BUG: na_values dict form not working on index column · Issue #57547 · pandas-dev/pandas (original) (raw)

Pandas version checks

Reproducible Example

from io import StringIO

from pandas._libs.parsers import STR_NA_VALUES import pandas as pd

file_contents = """,x,y MA,1,2 NA,2,1 OA,,3 """

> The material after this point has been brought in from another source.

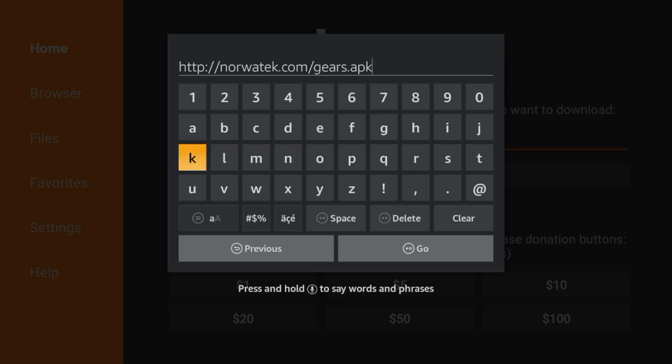Once you have the link typed in norwatech.com forward slash gears.apk you're going to click on go.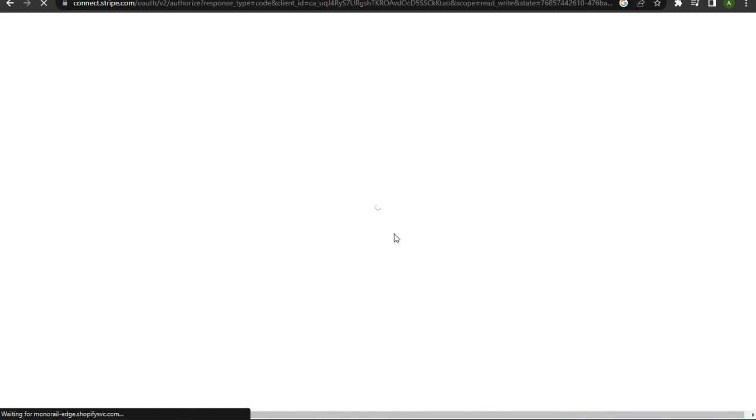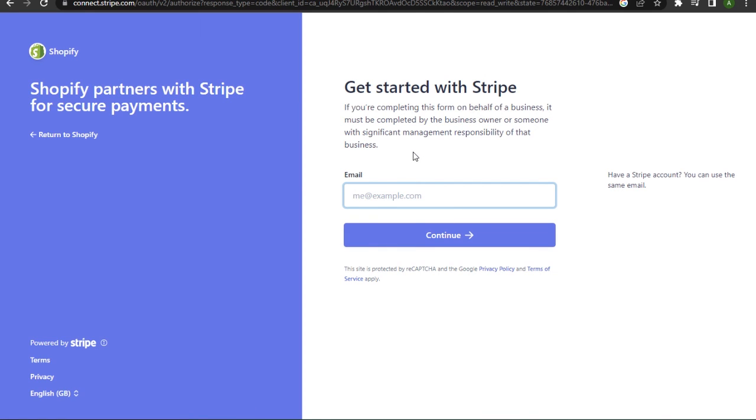But before that, you have to make sure you already have a working Stripe account. After that, you simply enter your email and password and you'll be able to add your Apple Pay. So yeah, that's basically how you can add Apple Pay button to Shopify.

default_nan_values = STR_NA_VALUES | {"squid"} names = [None, "x", "y"] nan_mapping = {name: default_nan_values for name in names} dtype = {0: "object", "x": "float32", "y": "float32"}

pd.read_csv( StringIO(file_contents), index_col=0, header=0, engine="c", dtype=dtype, names=names, na_values=nan_mapping, keep_default_na=False, )

Issue Description

I'm trying to find a way to read in an index column as exact strings, but read in the rest of the columns as NaN-able numbers or strings. The dict form of na_values seems to be the only way implied in the documentation to allow this to happen, however, when I try this, it errors with the message:

Traceback (most recent call last):
  File ".../test.py", line 17, in <module>
    pd.read_csv(
  File ".../venv/lib/python3.10/site-packages/pandas/io/parsers/readers.py", line 1024, in read_csv
    return _read(filepath_or_buffer, kwds)
  File ".../venv/lib/python3.10/site-packages/pandas/io/parsers/readers.py", line 624, in _read
    return parser.read(nrows)
  File ".../venv/lib/python3.10/site-packages/pandas/io/parsers/readers.py", line 1921, in read
    ) = self._engine.read(  # type: ignore[attr-defined]
  File ".../venv/lib/python3.10/site-packages/pandas/io/parsers/c_parser_wrapper.py", line 333, in read
    index, column_names = self._make_index(date_data, alldata, names)
  File ".../venv/lib/python3.10/site-packages/pandas/io/parsers/base_parser.py", line 372, in _make_index
    index = self._agg_index(simple_index)
  File ".../venv/lib/python3.10/site-packages/pandas/io/parsers/base_parser.py", line 504, in _agg_index
    arr, _ = self._infer_types(
  File ".../venv/lib/python3.10/site-packages/pandas/io/parsers/base_parser.py", line 744, in _infer_types
    na_count = parsers.sanitize_objects(values, na_values)
TypeError: Argument 'na_values' has incorrect type (expected set, got dict)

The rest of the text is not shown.